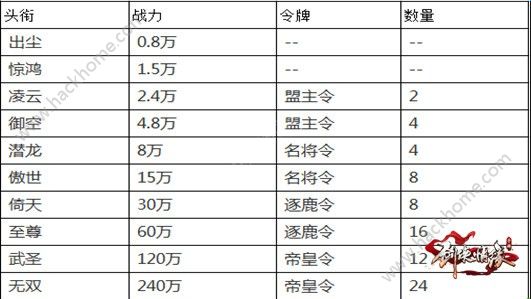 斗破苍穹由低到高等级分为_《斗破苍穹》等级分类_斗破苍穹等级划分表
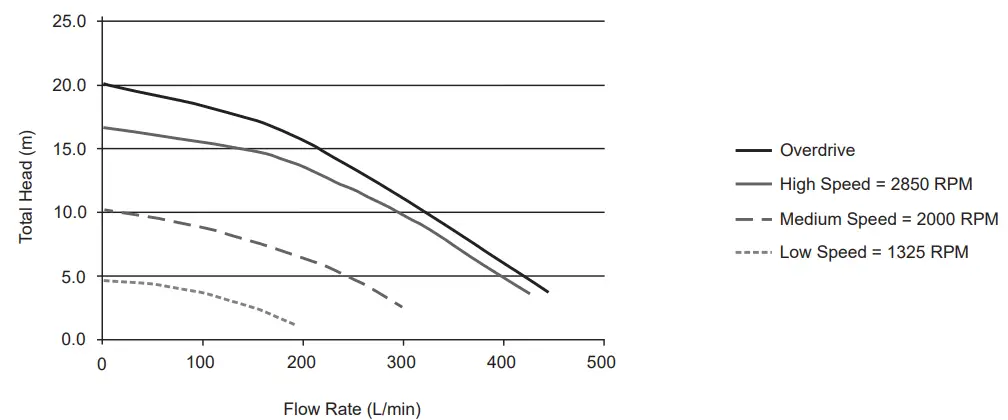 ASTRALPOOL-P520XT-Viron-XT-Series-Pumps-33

--

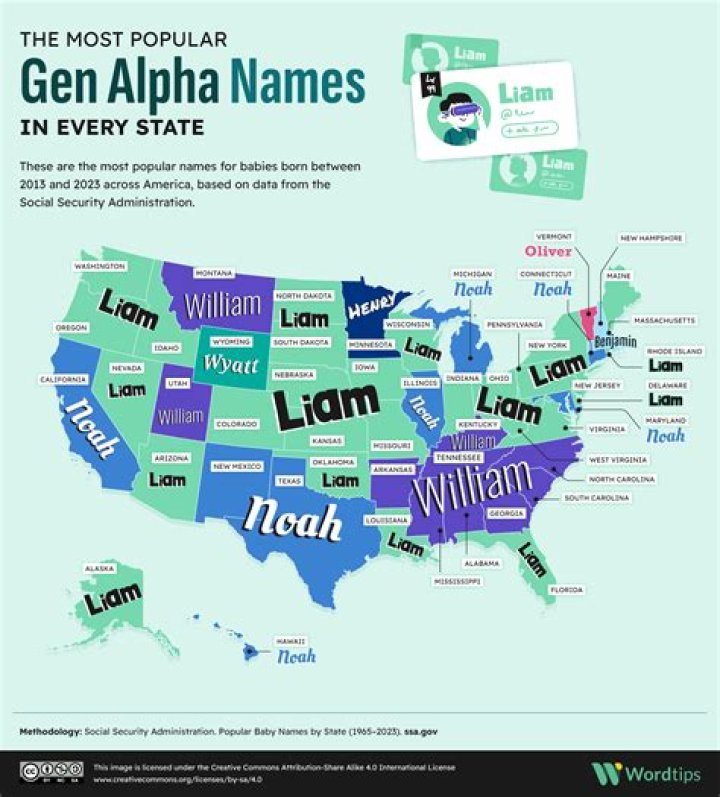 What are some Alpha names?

### Action item
Within the data above, repeat exactly the lines from the one bearing "斗破苍穹由低到高等级分为_《斗破苍穹》等级分类_斗破苍穹等级划分表" through the one bearing "ASTRALPOOL-P520XT-Viron-XT-Series-Pumps-33". Include no pictures and nothing else.

### Written reply
 斗破苍穹由低到高等级分为_《斗破苍穹》等级分类_斗破苍穹等级划分表
 ASTRALPOOL-P520XT-Viron-XT-Series-Pumps-33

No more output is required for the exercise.